In verband met de ´discussie´ omtrent het (eventueel) algeheel stopzetten van ‘HH/HbH/HV’ per 1 januari 2015 (25% van alle gemeenten?) en/of de ‘acceptatie’ van het vorenstaande, het volgende.

‘HH/HbH/HV’ is primair (ook) nooit bedoeld als ‘poetsen’ of ‘schoonmaken’. Maar als ‘zorg’. Men zie daartoe bijvoorbeeld Tweede Kamer, vergaderjaar 2004-2005, 30 131, nr. 3, pag. 6, 7 en 9, Tweede Kamer, vergaderjaar 2008-2009, 31 347, nr. 6, pag. 2-4 of de Memorie van antwoord, vergaderjaar 2011-2012, kamerstukken 31353 D, pag. 5.

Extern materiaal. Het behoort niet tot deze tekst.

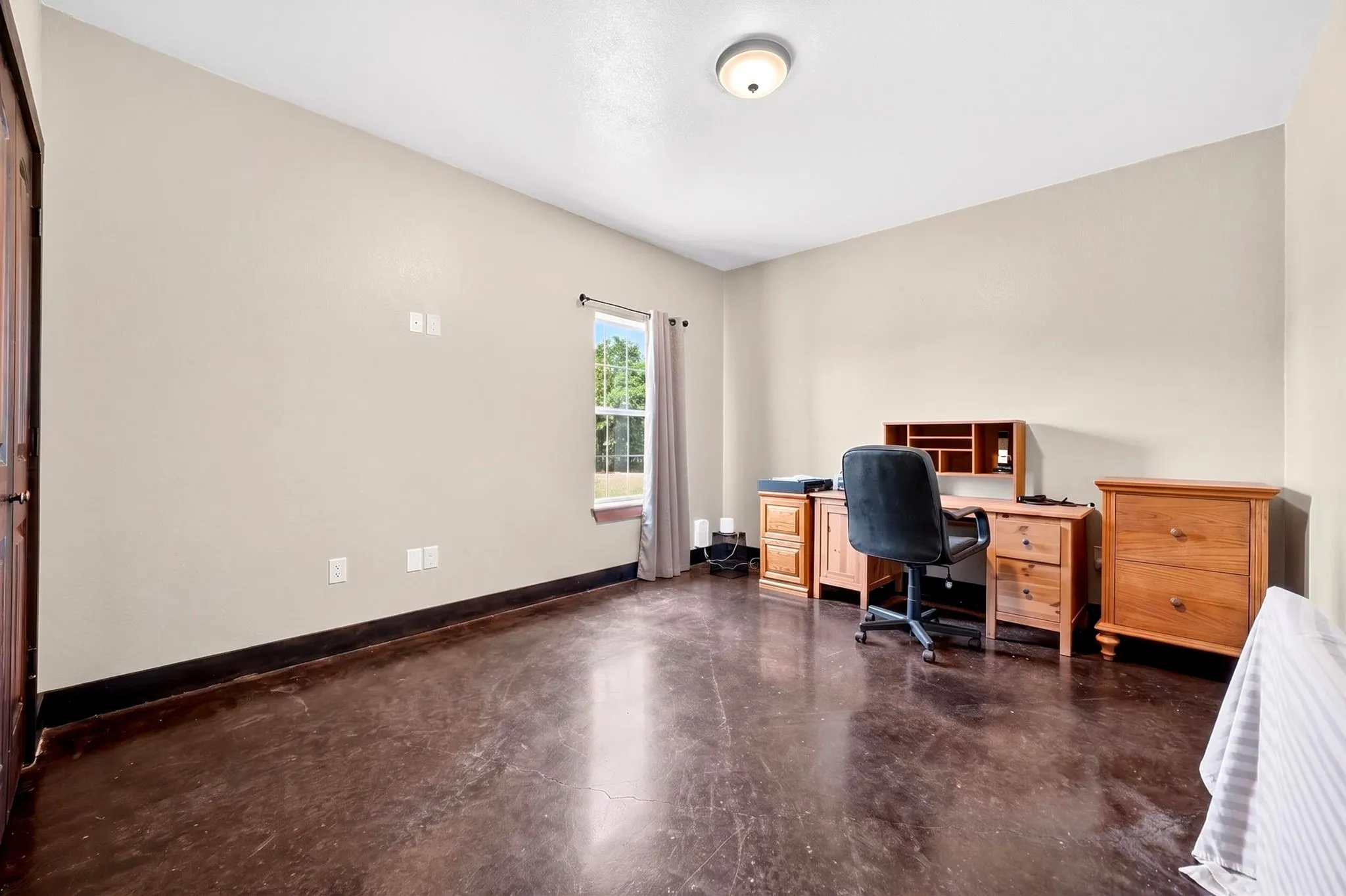 Single Family Residence For Sale in Denton County , 11110 Old Stoney Road, Ponder, Texas 76259, 3 Bedroom, 3 Bathroom, Garage spaces, 2,591 Sqft, built in 2018, Preowned, mls#21249068, Real Estate Agent in Ponder, Homes For Sale in Denton county, Homes For Sale in Ponder, Realtor in Ponder Texas, Real Estate Brokerage Independent Realty Texas, Luminita Cordes Realtor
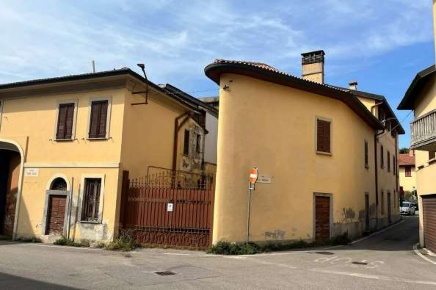 Foto Magazzino in Via S. Protaso, Besana in Brianza Centro di 455 m²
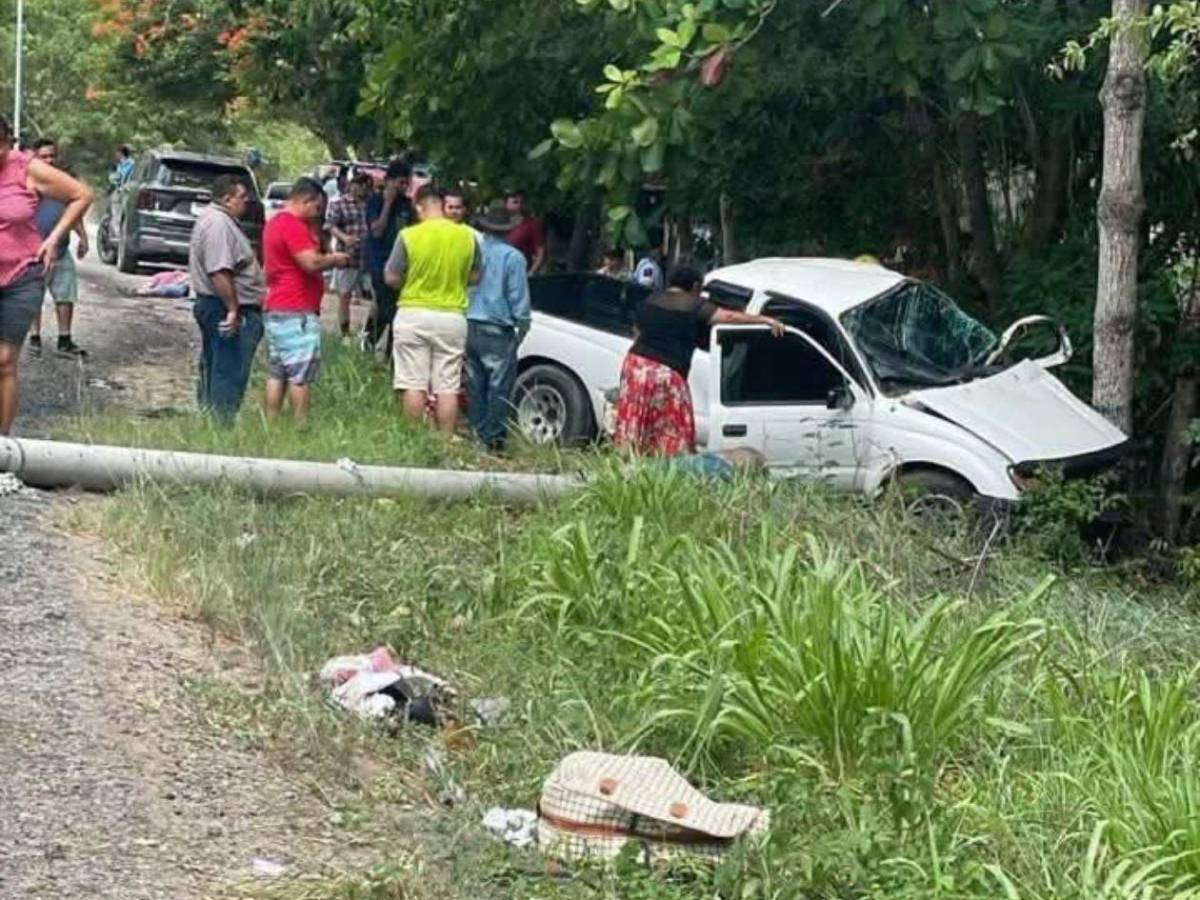 Familiares esperan la entrega de cuerpos de las víctimas del accidente en Yoro
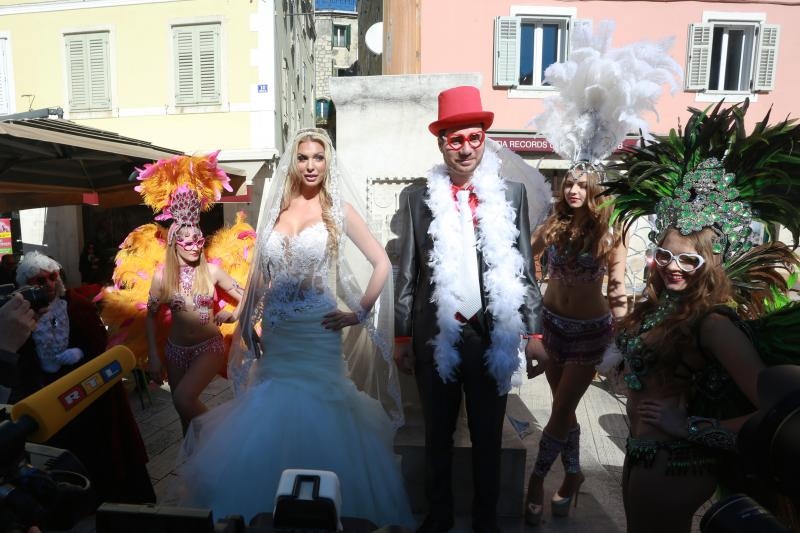 Splitski karneval: Vjenčanje Ave Karabatić i Ivana Pernara na splitskoj rivi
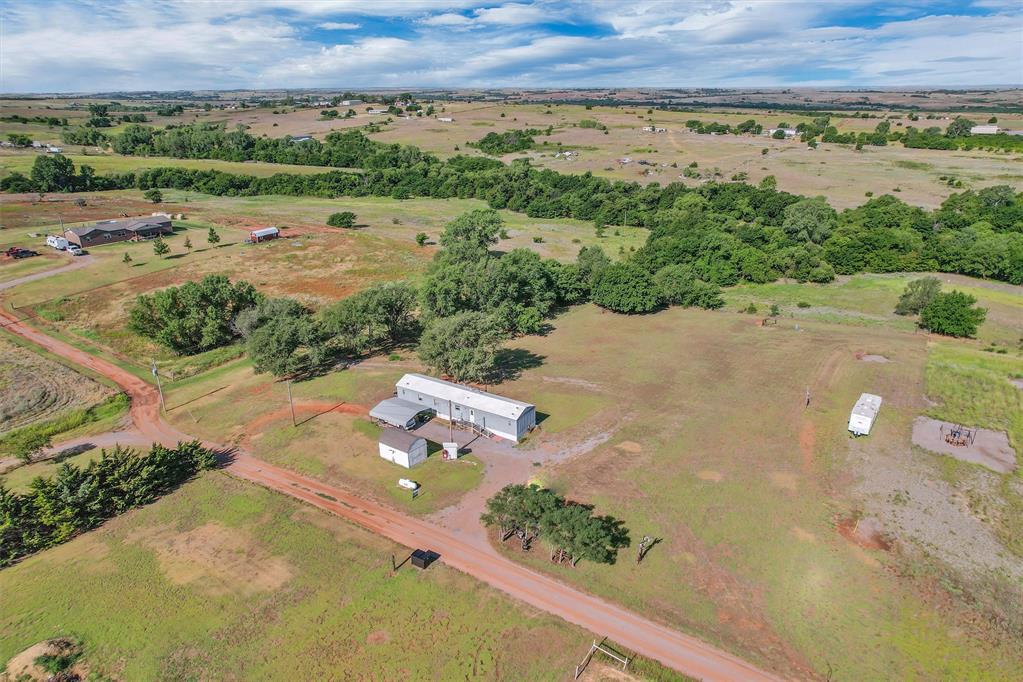 1032 Rd, Hammon, OK 73650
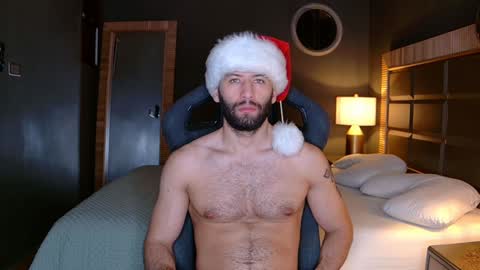 Justin online show from December 6, 9:54 am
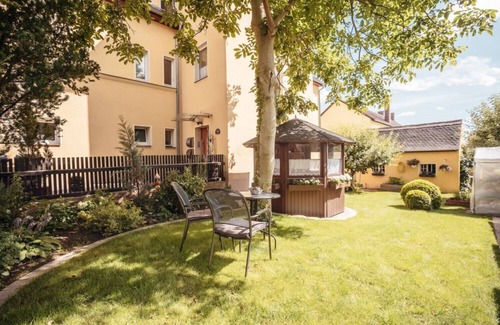 Amberg Apartment | Gemütliche FeWo (55qm) in ruhiger Lage - 300m von Altstadt enfernt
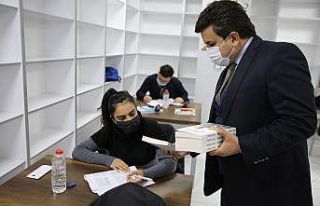 Gençlere Mehmet Akif Ersoy kitabı hediye edildi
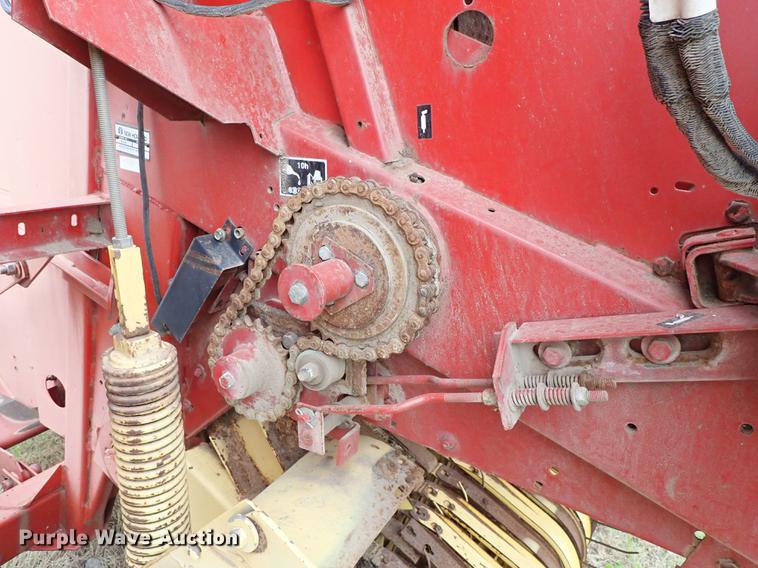 image for item FN9980 1997 New Holland 644 round baler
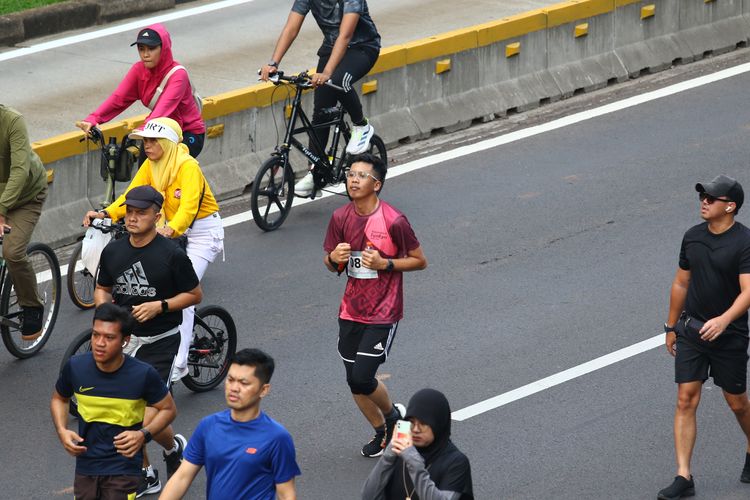 Race photo from Assurance Fun Run 2024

In vorenbedoeld verband klinkt “ik stop met zorg verlenen” (ook) anders (‘zorgelijker’), dan “ik stop met poetsen faciliteren”. Wat is dan ook de feitelijkheid in kwestie? Bijvoorbeeld bij mensen als het echtpaar in de uitspraak Rechtbank Noord-Nederland 9 december 2014, ECLI:NL:RBNNE:2014:6176.

De kwalificatie ‘zorg’ is tenslotte ook aanbestedingsrechtelijk niet zonder belang. Zie daartoe bijvoorbeeld:



Het geeft gemeenten bijvoorbeeld meer mogelijkheden in (de vormgeving van) hun inkoop- en contracteringsproces.